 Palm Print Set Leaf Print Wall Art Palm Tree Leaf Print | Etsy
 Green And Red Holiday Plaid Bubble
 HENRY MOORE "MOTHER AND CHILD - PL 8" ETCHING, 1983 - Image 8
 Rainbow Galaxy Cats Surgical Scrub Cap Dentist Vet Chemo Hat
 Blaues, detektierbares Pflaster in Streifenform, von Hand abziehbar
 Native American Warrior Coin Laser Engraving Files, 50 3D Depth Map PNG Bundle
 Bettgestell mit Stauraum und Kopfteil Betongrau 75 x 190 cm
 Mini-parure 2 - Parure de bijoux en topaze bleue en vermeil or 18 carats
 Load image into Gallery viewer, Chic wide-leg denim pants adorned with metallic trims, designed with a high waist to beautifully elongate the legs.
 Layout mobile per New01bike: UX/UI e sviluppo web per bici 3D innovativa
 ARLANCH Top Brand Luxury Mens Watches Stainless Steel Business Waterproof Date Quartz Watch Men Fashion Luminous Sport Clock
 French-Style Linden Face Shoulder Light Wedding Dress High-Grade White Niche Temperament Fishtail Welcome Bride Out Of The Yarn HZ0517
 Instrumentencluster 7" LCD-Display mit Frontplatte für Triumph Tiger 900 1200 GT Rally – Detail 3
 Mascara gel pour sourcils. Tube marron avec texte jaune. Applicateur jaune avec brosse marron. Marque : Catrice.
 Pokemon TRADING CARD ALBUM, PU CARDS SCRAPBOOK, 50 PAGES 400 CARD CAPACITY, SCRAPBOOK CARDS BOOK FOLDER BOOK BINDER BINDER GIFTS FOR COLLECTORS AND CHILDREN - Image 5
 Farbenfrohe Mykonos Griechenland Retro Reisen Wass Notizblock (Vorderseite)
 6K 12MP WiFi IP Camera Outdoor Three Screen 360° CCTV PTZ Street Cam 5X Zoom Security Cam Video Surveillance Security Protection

▸ **ACTIVITY**:
Print all of the entries again, exactly as written.

▸ **TASK OUTPUT**:
 Palm Print Set Leaf Print Wall Art Palm Tree Leaf Print | Etsy
 Green And Red Holiday Plaid Bubble
 HENRY MOORE "MOTHER AND CHILD - PL 8" ETCHING, 1983 - Image 8
 Rainbow Galaxy Cats Surgical Scrub Cap Dentist Vet Chemo Hat
 Blaues, detektierbares Pflaster in Streifenform, von Hand abziehbar
 Native American Warrior Coin Laser Engraving Files, 50 3D Depth Map PNG Bundle
 Bettgestell mit Stauraum und Kopfteil Betongrau 75 x 190 cm
 Mini-parure 2 - Parure de bijoux en topaze bleue en vermeil or 18 carats
 Load image into Gallery viewer, Chic wide-leg denim pants adorned with metallic trims, designed with a high waist to beautifully elongate the legs.
 Layout mobile per New01bike: UX/UI e sviluppo web per bici 3D innovativa
 ARLANCH Top Brand Luxury Mens Watches Stainless Steel Business Waterproof Date Quartz Watch Men Fashion Luminous Sport Clock
 French-Style Linden Face Shoulder Light Wedding Dress High-Grade White Niche Temperament Fishtail Welcome Bride Out Of The Yarn HZ0517
 Instrumentencluster 7" LCD-Display mit Frontplatte für Triumph Tiger 900 1200 GT Rally – Detail 3
 Mascara gel pour sourcils. Tube marron avec texte jaune. Applicateur jaune avec brosse marron. Marque : Catrice.
 Pokemon TRADING CARD ALBUM, PU CARDS SCRAPBOOK, 50 PAGES 400 CARD CAPACITY, SCRAPBOOK CARDS BOOK FOLDER BOOK BINDER BINDER GIFTS FOR COLLECTORS AND CHILDREN - Image 5
 Farbenfrohe Mykonos Griechenland Retro Reisen Wass Notizblock (Vorderseite)
 6K 12MP WiFi IP Camera Outdoor Three Screen 360° CCTV PTZ Street Cam 5X Zoom Security Cam Video Surveillance Security Protection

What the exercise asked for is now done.